Daar staat tegenover dat er velen zijn die geestelijk analytisch zijn zonder kritisch te zijn. Ook zij zijn intelligent en scherpzinnig. Ook zij zien hoe gecompliceerd en ernstig de problemen zijn, maar ze hebben een totaal andere visie. Hun zicht wordt niet beperkt door een muur. In plaats daarvan kijken ze door een telelens, ja, ze zien de problemen, maar ook wat daarachter ligt. Met andere woorden, ze zien ook de oplossingen die de verzoening biedt. Hun perspectief op het leven wordt geïllustreerd in diagram 2.
Daaruit volgt dat deze mensen weinig of geen angsten kennen. Ze zijn positief, optimistisch en hoopvol over het leven, omdat ze absoluut weten dat er voor elk probleem een geestelijke remedie is. Daarom verklaarde de Heiland: ‘Houdt goede moed, Ik heb de wereld overwonnen’ (Johannes 16:33). Daaruit volgt dat er in Christus’ kerk geen plaats is voor negativisme. Negativisme en cynisme komen van Satan. Blijmoedigheid en optimisme komen van Christus.
Alle problemen in de wereld kunnen in vier hoofdcategorieën worden onderverdeeld, die elk door de Heiland is overwonnen, vandaar zijn bevel om ‘goede moed’ te houden.
-
Ten eerste, de dood. In de Schrift staat: ‘Want evenals in Adam allen sterven, zo zullen ook in Christus allen levend gemaakt worden’ (1 Korintiërs 15:22).
-
Ten tweede, zonde. De engel zei tegen Jozef dat Jezus ‘zijn volk zal redden van hun zonden’ (Matteüs 1:21).
-
Ten derde, zwakheid. De Heiland leerde Moroni: ‘Mijn genade [de vermogende kracht van de verzoening] is genoeg voor alle mensen die zich voor mijn aangezicht verootmoedigen; want indien zij zich voor mijn aangezicht verootmoedigen en geloof hebben in Mij, zal Ik zwakke dingen sterk voor hen laten worden’ (Ether 12:27).
-
Ten vierde, de algemene moeilijkheden van het leven die niets met zonde vandoen hoeven te hebben (zoals ziekte, afwijzing, depressiviteit, werkloosheid enzovoort). Jesaja profeteerde dat de Heiland de gebrokenen van hart zou verbinden, alle treurenden zou troosten en ze een kroon zou geven in plaats van as (zie Jesaja 61:1–3; zie ook Alma 7:9–13).

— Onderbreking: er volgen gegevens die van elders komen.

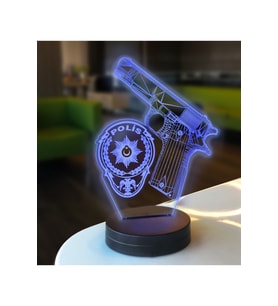 Polisler İçin Rozetli LED Lamba – Şık ve Kullanışlı Hediye (Krem)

Voor elke benauwing waar de wereld ons mee bestookt, heeft de Heiland een remedie dankzij zijn superieure genezingskracht. Dan verbaast het ons niet dat Maria uitriep: ‘Mijn ziel maakt groot de Here, en mijn geest heeft zich verblijd over God, mijn Heiland’ (Lucas 1:46–47). Hij is de Redder omdat Hij ons echt kan redden van dood en zonde, van zwakheid en de aandoeningen van het leven.
Onze hemelse Vader wilde dat Maria en Jozef het onzekere levenspad opgingen zonder angst, in de wetenschap dat zijn Zoon daar zou zijn met al zijn reddingskracht. Hij wil dat ook wij deze les al vroeg in ons leven leren: ‘Wees niet bang. (…) Want voor God is niets onmogelijk’ (Lucas 1:30, 37, NBV).